Seventeen Stab Wounds

On the topic of antisocial curmudgeonry….

I got my cell phone last year and most of my friends were shocked. I got it primarily so my agent could contact me wherever I might be. Because acting stuff is usually very time sensitive, I couldn’t give her my home phone number and here’s why: I stay away from it for extended periods of time. I don’t check the messages. Even when I’m at home and it rings, I often don’t answer it. Why is that, you ask? I hate phones. I hate talking on the phone. You can probably hear this in my voice when I’m talking on the phone with you – I am succinct if not curt (sure, I’m abrasive all the time, but I’ll give you the benefit of the doubt to detect the subtle differences). I think it’s ridiculous that people give phones such a priority in their lives – that when the phone is ringing they’ll stop whatever they’re doing – cooking, working, interrupting a conversation they’re already having with someone else – to pick it up. Phones are decidedly inconvenient more than the converse most of the time, draconian and rude.

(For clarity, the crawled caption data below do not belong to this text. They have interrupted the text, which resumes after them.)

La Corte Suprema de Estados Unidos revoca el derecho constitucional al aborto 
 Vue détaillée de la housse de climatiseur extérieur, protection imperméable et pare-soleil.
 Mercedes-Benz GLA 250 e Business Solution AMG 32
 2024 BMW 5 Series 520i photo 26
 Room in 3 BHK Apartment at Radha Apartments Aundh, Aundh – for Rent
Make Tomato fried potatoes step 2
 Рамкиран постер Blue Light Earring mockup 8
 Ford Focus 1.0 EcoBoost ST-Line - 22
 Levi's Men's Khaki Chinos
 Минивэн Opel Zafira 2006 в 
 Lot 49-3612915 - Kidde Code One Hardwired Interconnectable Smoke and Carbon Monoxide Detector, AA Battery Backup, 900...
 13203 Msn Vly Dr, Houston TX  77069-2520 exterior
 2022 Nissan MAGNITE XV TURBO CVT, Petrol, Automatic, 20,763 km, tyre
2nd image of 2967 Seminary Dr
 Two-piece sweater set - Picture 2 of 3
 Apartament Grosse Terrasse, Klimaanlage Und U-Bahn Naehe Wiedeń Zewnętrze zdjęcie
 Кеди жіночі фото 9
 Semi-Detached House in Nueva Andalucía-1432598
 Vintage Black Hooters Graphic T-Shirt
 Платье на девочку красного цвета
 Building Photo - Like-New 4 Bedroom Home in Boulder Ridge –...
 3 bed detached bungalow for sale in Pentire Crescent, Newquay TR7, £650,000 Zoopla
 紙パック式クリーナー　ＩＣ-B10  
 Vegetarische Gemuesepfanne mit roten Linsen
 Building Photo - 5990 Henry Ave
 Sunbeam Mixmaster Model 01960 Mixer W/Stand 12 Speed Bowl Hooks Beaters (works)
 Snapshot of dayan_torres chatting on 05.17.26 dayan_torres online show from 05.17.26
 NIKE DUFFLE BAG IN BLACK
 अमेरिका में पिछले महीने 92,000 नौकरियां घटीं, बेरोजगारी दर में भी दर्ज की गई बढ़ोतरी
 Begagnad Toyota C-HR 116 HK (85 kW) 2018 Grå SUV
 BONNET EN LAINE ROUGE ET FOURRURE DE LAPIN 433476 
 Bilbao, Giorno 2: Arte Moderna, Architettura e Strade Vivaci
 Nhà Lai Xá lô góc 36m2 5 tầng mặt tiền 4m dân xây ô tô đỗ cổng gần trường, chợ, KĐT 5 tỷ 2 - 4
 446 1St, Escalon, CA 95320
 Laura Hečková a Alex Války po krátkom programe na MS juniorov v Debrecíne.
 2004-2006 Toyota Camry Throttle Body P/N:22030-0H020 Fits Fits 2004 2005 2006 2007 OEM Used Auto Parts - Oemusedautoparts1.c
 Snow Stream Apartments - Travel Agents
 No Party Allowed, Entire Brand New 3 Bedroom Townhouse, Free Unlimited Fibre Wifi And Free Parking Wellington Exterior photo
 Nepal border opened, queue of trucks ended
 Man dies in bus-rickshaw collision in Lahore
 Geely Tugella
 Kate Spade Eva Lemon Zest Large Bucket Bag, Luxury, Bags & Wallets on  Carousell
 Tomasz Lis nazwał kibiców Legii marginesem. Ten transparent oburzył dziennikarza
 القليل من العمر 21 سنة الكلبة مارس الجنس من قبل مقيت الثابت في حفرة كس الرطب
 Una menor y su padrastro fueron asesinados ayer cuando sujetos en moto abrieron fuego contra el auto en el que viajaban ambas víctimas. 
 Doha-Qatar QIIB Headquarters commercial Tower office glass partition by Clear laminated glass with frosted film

I didn’t give out my cell phone number to others until I absolutely had to. I don’t want people calling me when I’m not home – but that’s a little unreasonable these days as I am sometimes away from home for 24 hours. I have a specific ring so that I know when my agent is calling me. Often if my phone rings any other ring I simply don’t answer it. Sometimes I don’t even look to see who called, especially when I’m at my day job or otherwise occupied. I always know when Deanna calls me, because she doesn’t. She sends me a text message and that’s why I call her Best.

So the deal is, you can call me – but don’t expect me to pick up the phone or even get back to you in a timely manner. I usually save up my messages until evening (I get a better rate then anyway) and make my call-backs then, if I remember.

The ironic thing is I check my email almost hourly. Sometimes when I see that someone has called, I’ll email them rather than call back to find out what they want (I’m looking at you, KRL). This bypasses the torment of having to wade through small talk and irrelevant tangents. Text messages are also fine, though I don’t always reply to those either unless there is a specific question that I am expected to (and can) answer.

So for future reference, barring emergency here is the Official Toren Atkinson Flow Chart of Social Interaction Annoyance:

4: Email (to either of my emails, I check them both)
3: Text message to my cell phone (if you don’t have a cell phone yourself you can go to and just type it in on a regular keyboard rather than navigating the morass of cell phone buttons)
2: Call my home phone – like the message says, if I don’t call you back in a few minutes, I’m probably not going to call you back that day.
1: In person
0: Call me on my cell phone

And now you can never claim that you didn’t know the reason I stabbed you to death was because you had the wherewithal to call me on my cell phone. After all, everyone reads my blog!

3 Replies to “Seventeen Stab Wounds”

  1. This is useful information, but unfortunately I have even more elaborate procedures for informing me about procedures to contact my friends.

    First you have to fill out form dz-015 (in triplicate! we’re not amateurs!) and wad it into a ball. Stuff it into the tanned pelt of a squirrel and lob it over the fence in my backyard with a 3′ replica trebuchet. There it will sit for several months until the next time I mow my lawn, at which point I will put it absentmindedly on the workbench in my garage. In October, when I decide to rake up the massive, festering pile of leaves blanketing the yard, I’ll notice a small, furry thing on the workbench and beat it savagely with whatever is handy (typically a rubber glove) while shrieking like an eight-year-old girl.

    The screams bring Serina running with an exasperated look on her face as if to say “this had better not be another spider”. At which point she’ll unwrap the bundle, smooth the forms and hand it to me for contemplation.

    I should mention that if DZ-015 is not filled out with a black felt tip pen I will immediately throw it away and begin organizing my shingle collection la de da la la fa la…

  2. thanks for the info, now i can text msg you from Mexico sometime.
    hugs, miss you this weekend while we are eating fish and chips, corn on the cob, etc., etc.

  3. What? In person is second to last? All this dehumanizing contact can’t be good. It’s time to take action before Toren completely embraces the digital age! The next time you see Toren in person, give him a hug. That’s right. HUG HIM. He may screw up his face in that disapprovingly funny way, but don’t worry … he can’t keep it up forever. The trick is not to let go, no matter how much he squirms. And he will! In fact, the more people that hug Toren the better. It’s harder for him to escape that way. I suggest no fewer than EIGHT people. Everybody has a secret love in this world. For Toren, it’s group hugs. Don’t let him tell you different! Oh, and bring a bicycle. He may try to ride away when he sees a coordinated hug swarm approaching. That’s merely his affectionate way of saying, “Catch me if you can!” You see, it’s really not that hard to socialize with Toren once you get to know him.